_What to do_: Would you copy only the lines below, from the one containing "Nódulo BIRADS 3 - o que devo fazer?" through the very last one, leaving the pictures out?

_Stored data entries_:
※

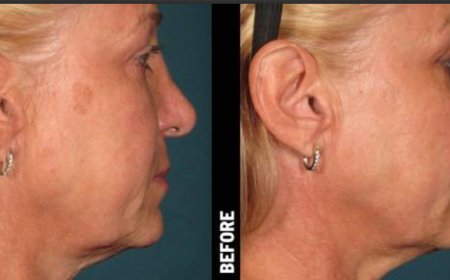 Can PRP Improve Acne Scars? What Women With Uneven Skin Should Know in 2026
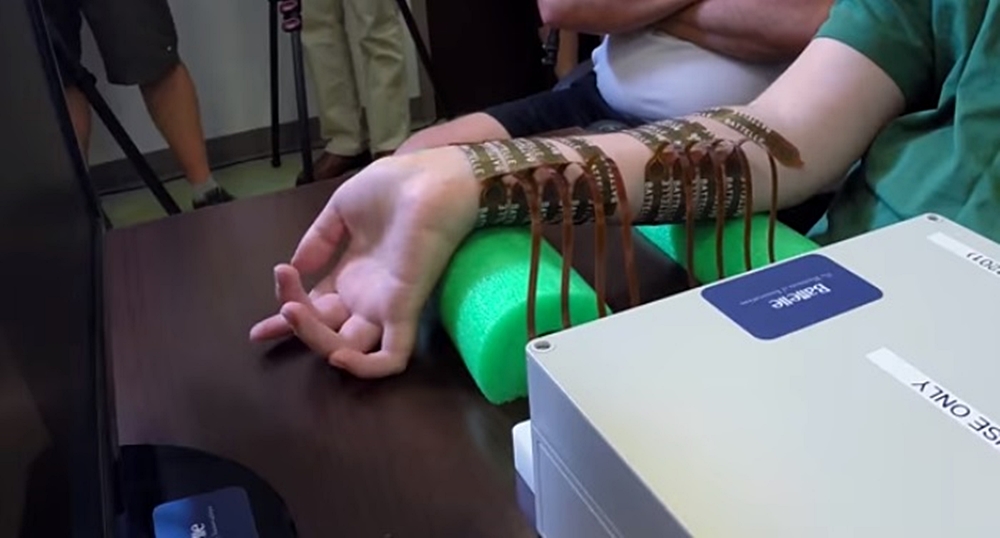 El brazo de Ian Burkhart con esa especie de manga conectada a su cerebro.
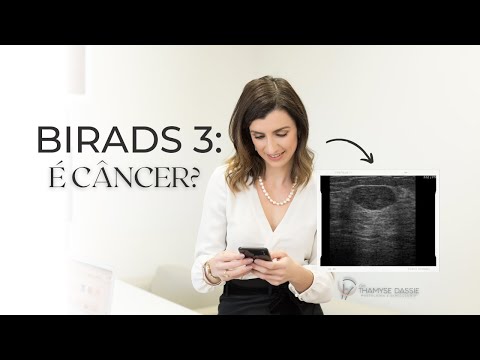 Nódulo BIRADS 3 - o que devo fazer?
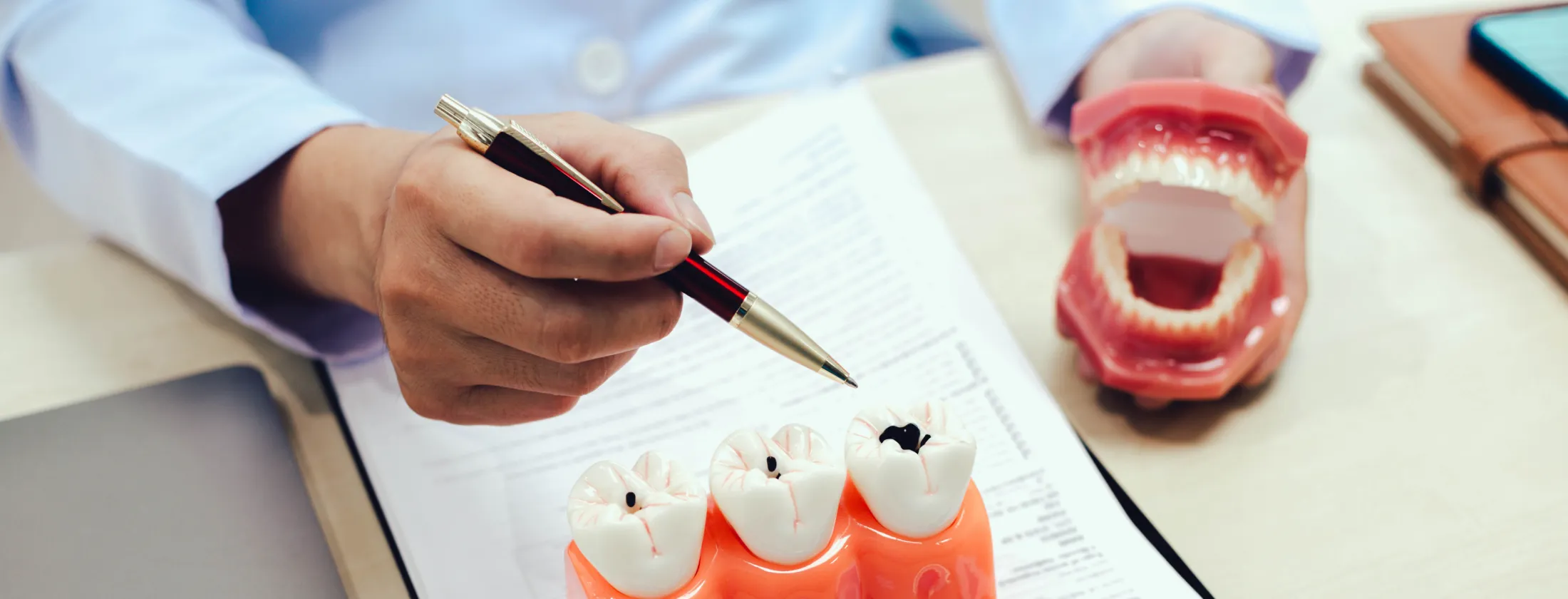 2. 重度虫歯が進行する本当の理由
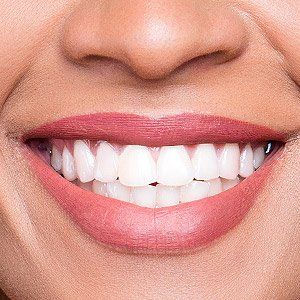 Woman showing her white teeth — Wyoming, MI — Dental South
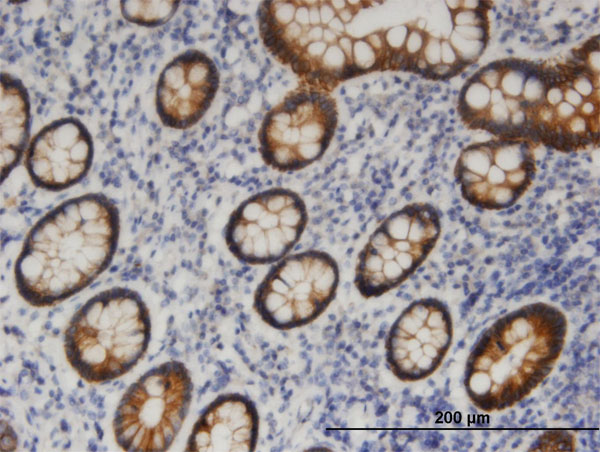 Immunoperoxidase of monoclonal antibody to PNPLA6 on formalin-fixed paraffin-embedded human small Intestine. [antibody concentration 3 ug/ml]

※

_Finished exercise_:
 Nódulo BIRADS 3 - o que devo fazer?
 2. 重度虫歯が進行する本当の理由
 Woman showing her white teeth — Wyoming, MI — Dental South
 Immunoperoxidase of monoclonal antibody to PNPLA6 on formalin-fixed paraffin-embedded human small Intestine. [antibody concentration 3 ug/ml]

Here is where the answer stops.